The liberals, understanding that the Neo-Catholics have accepted their premise of untying Catholic practice from Tradition, know that it is only a matter of time before Church authority allows their next innovation. And once the innovation is allowed, they also know that the very Neo-Catholics who previously opposed it will then be its staunchest defenders. For as long as a novel practice is duly permitted by Church authority, the Neo-Catholic is bound by his own legal positivism to accept it as Traditional.

Notes:

[1] http://www.irishtimes.com/news/social-affairs/vatican-dismisses-reports-of-women-cardinals-1.1582486

[2] Internet video of the show has apparently been taken down by EWTN. This is presumably due to Father’s controversial comments regarding the clerical abuse scandal later that year.

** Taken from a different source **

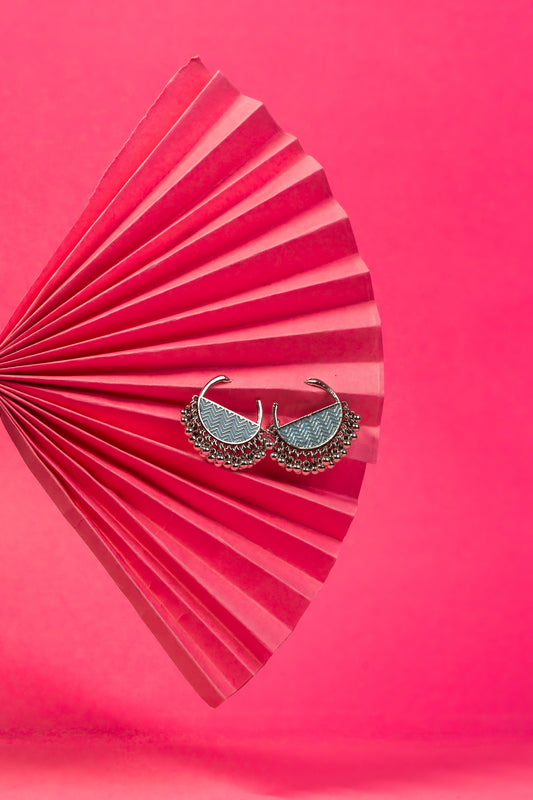 Silver plated semi circle shaped enamel artwork design with beads fashion antique earring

[3]http://www.patheos.com/blogs/markshea/2012/03/cdl-dolan-and-fr-benedict-groeschel-affirm-me-in-my-okayness.html

[4] "Pope Gelasius in his ninth letter (chap. 26) to the bishops of Lucania condemned the evil practice which had been introduced of women serving the priest at the celebration of Mass. Since this abuse had spread to the Greeks, Innocent IV strictly forbade it in his letter to the bishop of Tusculum: "Women should not dare to serve at the altar; they should be altogether refused this ministry." We too have forbidden this practice in the same words in Our oft-repeated constitution Etsi Pastoralis, sect. 6, no. 21." From Encyclical Allatae Sunt, 26 July, 1755, Pope Benedict XIV, paragraph 29.